# New from JAI Moonbus overhead lighting



## Gilusions (Apr 25, 2006)

New from JAI is an overhead lighting kit for cabin and cockpit lighting which will be offered both blue green and white glows will include a red film to give it a red glow for the cockpit area. Also in the near future will be a set of resin engine nozzles with resin attachment.


----------



## veedubb67 (Jul 11, 2003)

Great news Gil! This will definitely improve an already classic model.

Rob
Iwata Padawan


----------



## jbond (Aug 29, 2002)

Finally, something I can use in my Randy Cooper shuttlecraft!


----------



## Gilusions (Apr 25, 2006)

This was sent to me by one of my customer which includes the red tint for the cockpit


----------



## Tim H. (Jun 23, 2009)

Nice :thumbsup: does it come with instructions or suggestions where to run the wiring and can you glue the roof arches onto this material?


----------



## Dr. Brad (Oct 5, 1999)

This looks very cool! Want both the lighting and the engine bells!


----------



## steve123 (Feb 9, 2009)

If you sand off the molded in lighting fixtures molded into the roof, the EL sheet will fit against the roof with the bows on top to lock it in! The window boxes will fit as well, and it will clear the bulkheads without any tampering or sanding on the bulkheads. 

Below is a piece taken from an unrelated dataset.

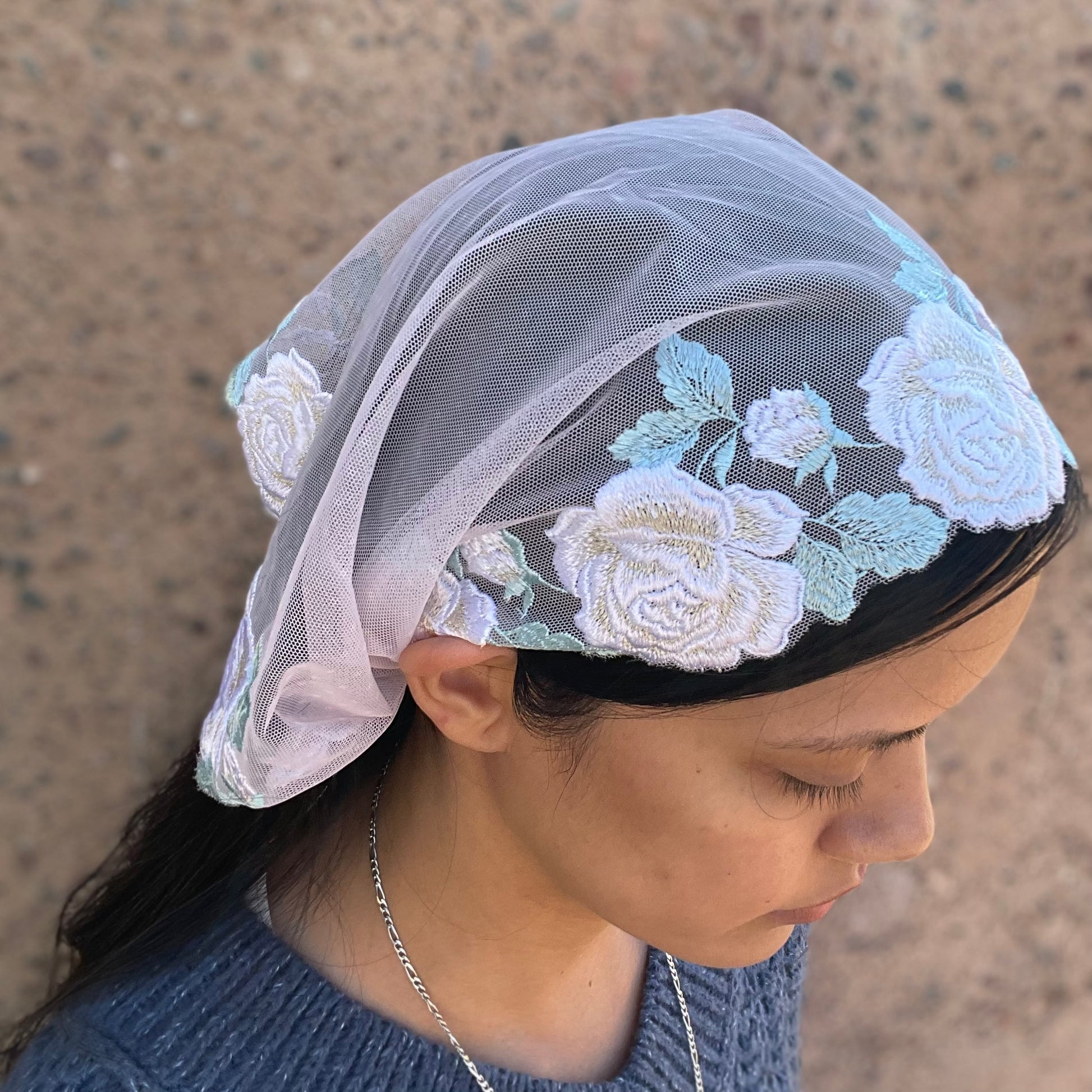 Girl wearing a lace chapel veil with white rose embroidery. The small Traditional Catholic Christian Mass mantilla has ties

More pictures will be coming sometime this weekend. 

Steve


----------



## steve123 (Feb 9, 2009)

Here is an early shot of the lighting:


















This is early on in the build, the window frames are simply fitted in and the roof is not fastened down.

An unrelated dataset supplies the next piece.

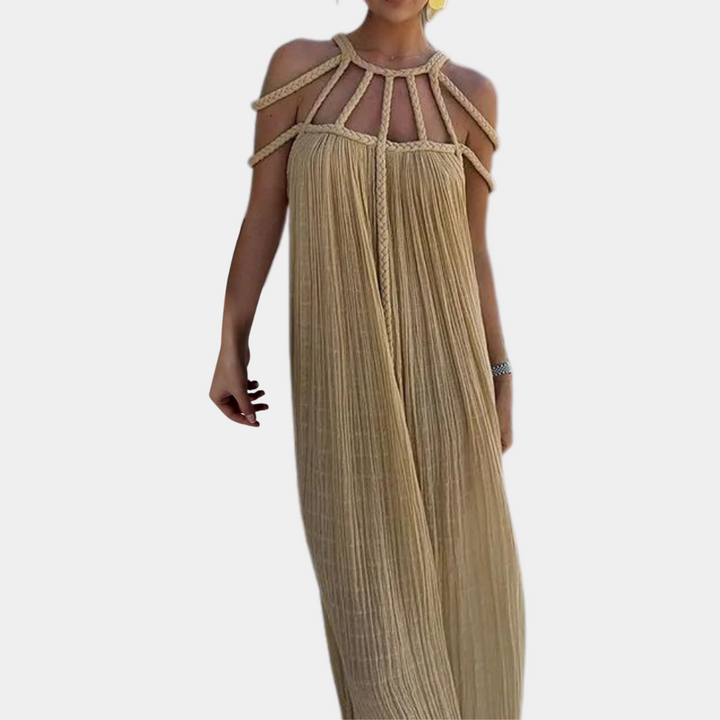 Beige maxi-jurk met gevlochten bandjes, off-shoulder ontwerp, luchtige stof. Perfect voor zomerse gelegenheden en stranduitjes.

I played around with the cargo too. the labels are from henry at TSDS








These decals are in the TSDS moonbus sheet:








Steve


----------



## Gilusions (Apr 25, 2006)

Tim H. said:


> Nice :thumbsup: does it come with instructions or suggestions where to run the wiring and can you glue the roof arches onto this material?


I do have a basic instruction on placement of the electronics but I will add different ways for the modeler to install the power for the ship.


----------



## Steve244 (Jul 22, 2001)

steve123 said:


> Here is an early shot of the lighting:


man those red lights are pretty sexy. I might be getting a case of moonbus fever...

Nice work Steve.


----------



## richlen2 (Apr 2, 2009)

Gil. THis is great! Hope to see you again at the Hobby Show in Milford next Sunday! Rich


----------